La familia de Guymala, como tantas otras, abandonó su tierra para instalarse en misiones y asentamientos en los años posteriores a la colonización. Regresaron cuando él era niño. Fue un retorno enmarcado en el movimiento de recuperación de los territorios ancestrales iniciado en la década de 1970 por el líder indígena y reputado artista aborigen Bardayal Nadjamerrek, alias «Lofty». Los propietarios tradicionales como Nadjamerrek se dieron cuenta de que en su ausencia el campo había cambiado. Hierbas invasoras y animales asilvestrados, como búfalos y gatos, se habían hecho fuertes en el territorio; algunas especies nativas, como los emúes, escaseaban; los búfalos y el fuego dañaban el bim (arte rupestre) milenario; los bosques monzónicos, las llanuras aluviales y la sabana se deterioraban a ojos vistas.

Pasan su día libre cazando tortugas enterradas en el barro, consideradas un manjar en la Tierra de Arnhem.

Lo más preocupante era la situación de los bosques de anbiniks, de gran importancia cultural y ecológica. En otro tiempo estos colosales árboles endémicos –algunos centenarios– abundaban en el paisaje. Su savia se usaba como antiséptico y con su madera se fabricaban varas de combate. Ahora solo quedan en rincones que la propia naturaleza protege del fuego, como desfiladeros, o en grupos aislados en la sabana. (El Fondo Disney para la Conservación concedió una subvención a la Karrkad Kanjdji Trust para ayudar a los guardas indígenas a proteger los anbiniks).

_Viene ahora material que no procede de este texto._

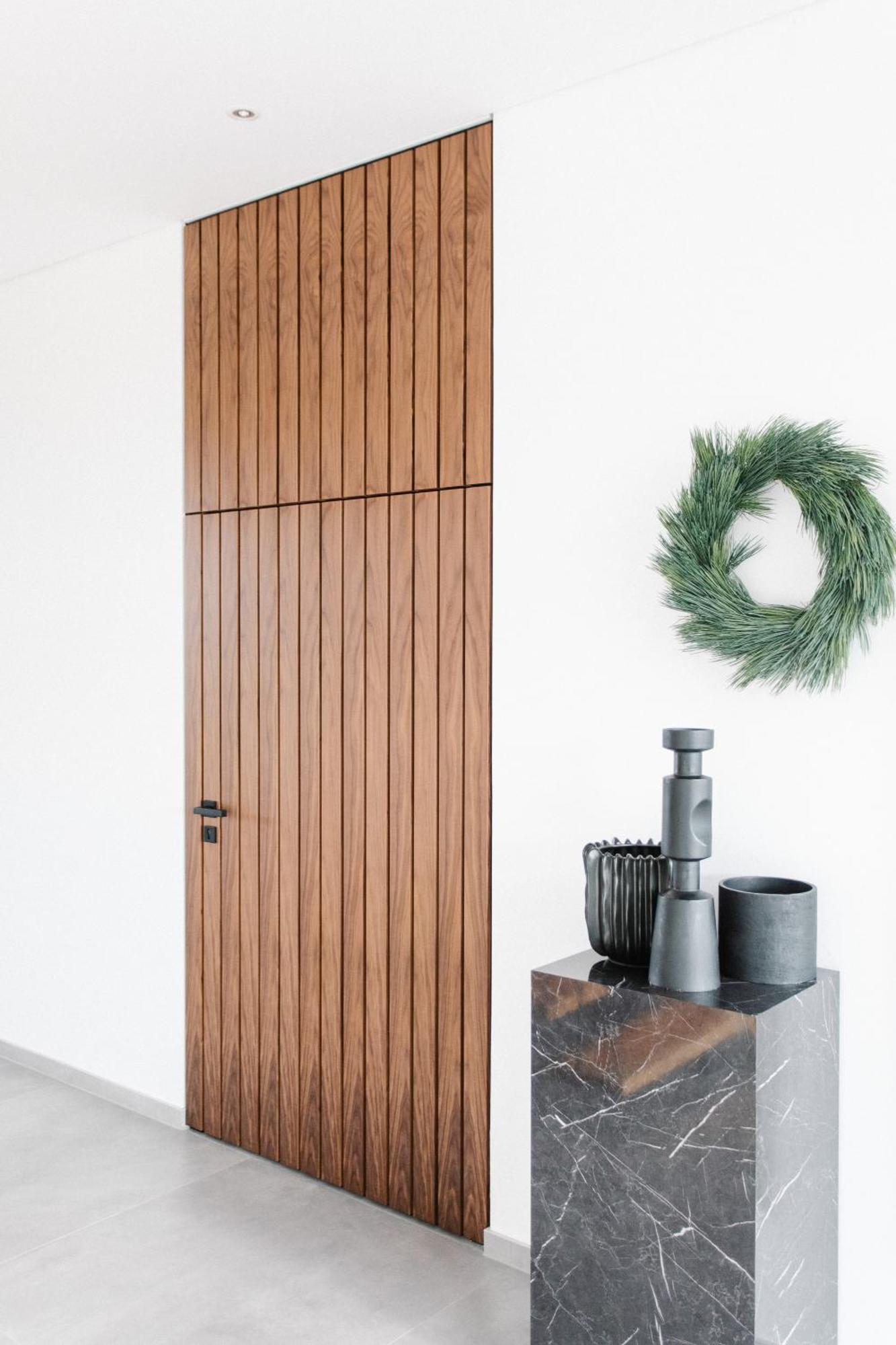 Exklusive Design Appartement Creme De La Creme Neubau Pfungstadt Exteriör bild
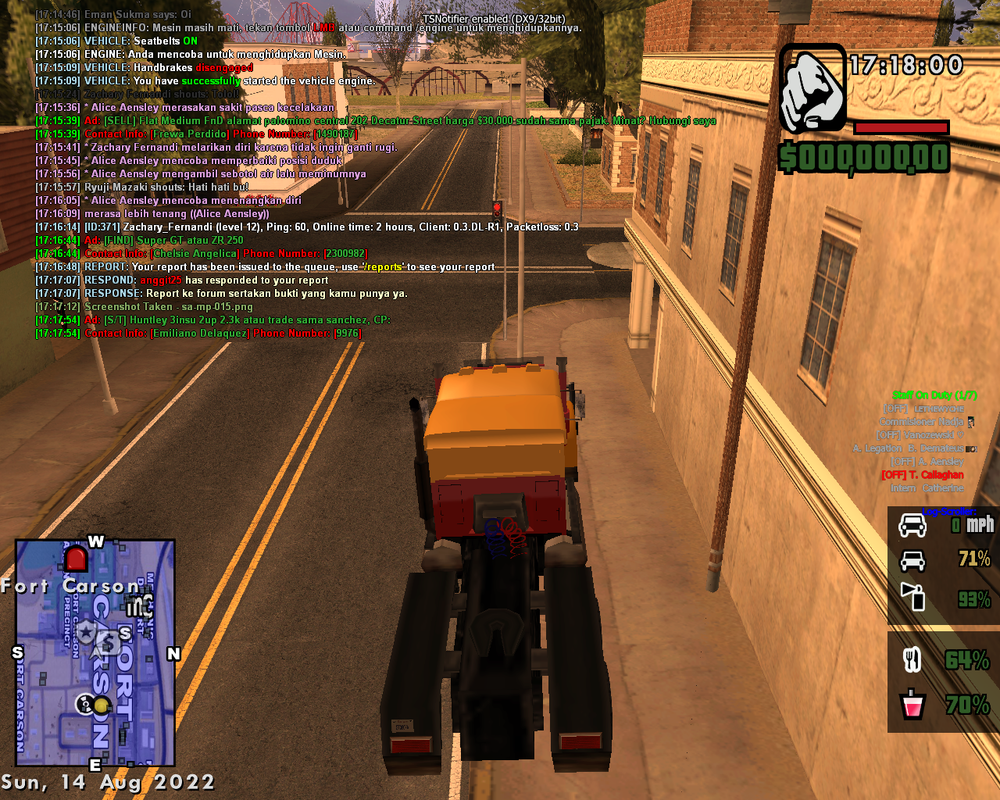 sa-mp-015.png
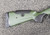 TIKKA T3x Super Varmint 308 Win 23.7in 2-Stage Trigger - SKU: T3XSVRGCK308NSMT/10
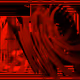 309000267
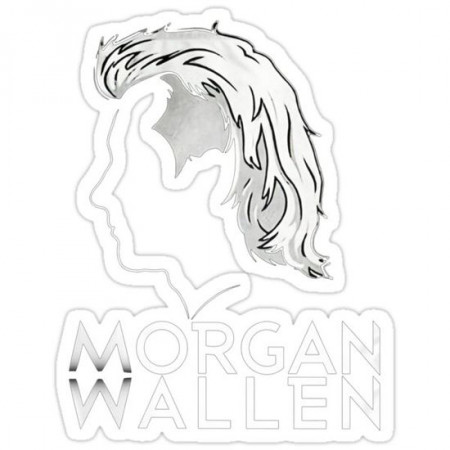 9 Morgan wallen ideas | morgan, country music, best country singers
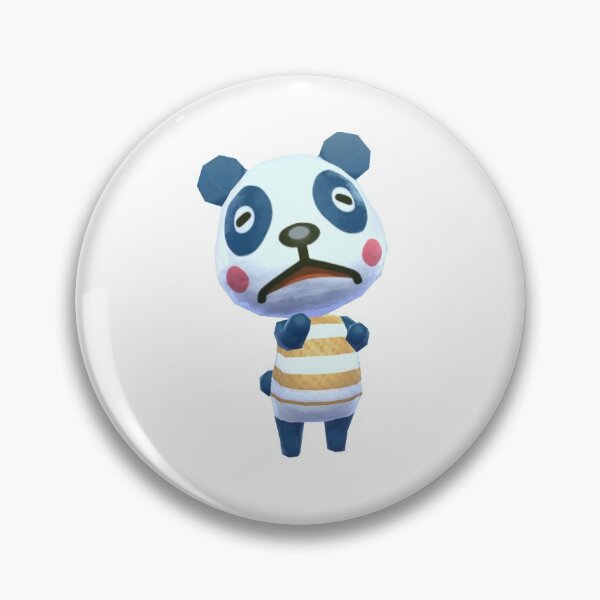 Item preview, Chester designed and sold by tavachan.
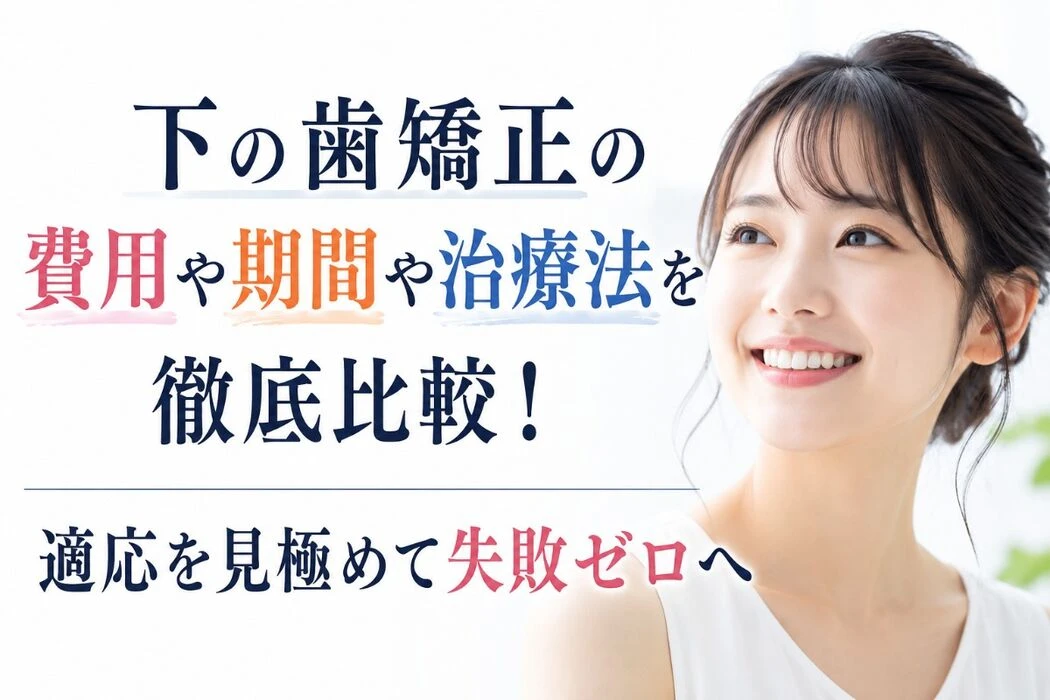 画像27155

Los propietarios tradicionales creían que el fuego era el hilo conductor de aquel relato de decadencia. La Tierra de Arnhem sufría unos incendios tan intensos e incontrolables que lo engullían todo. Solicitaron que se retomasen las quemas estratégicas de principios de la estación seca. Además de para cuidar el territorio, les servirían también para reencontrarse con su cultura.

«La tierra necesita fuego», sentencia Guymala.

Martin Gamache, NGM; Craig Molyneux. Fuentes: Base de Datos Colaborativa de Áreas Protegidas de Australia, Commonwealth de Australia; Organización de Investigación Científica e Industrial de la Commonwealth; Academia Nawarddeken; Información sobre incendios forestales en Australia del Norte y terrenos de pasto.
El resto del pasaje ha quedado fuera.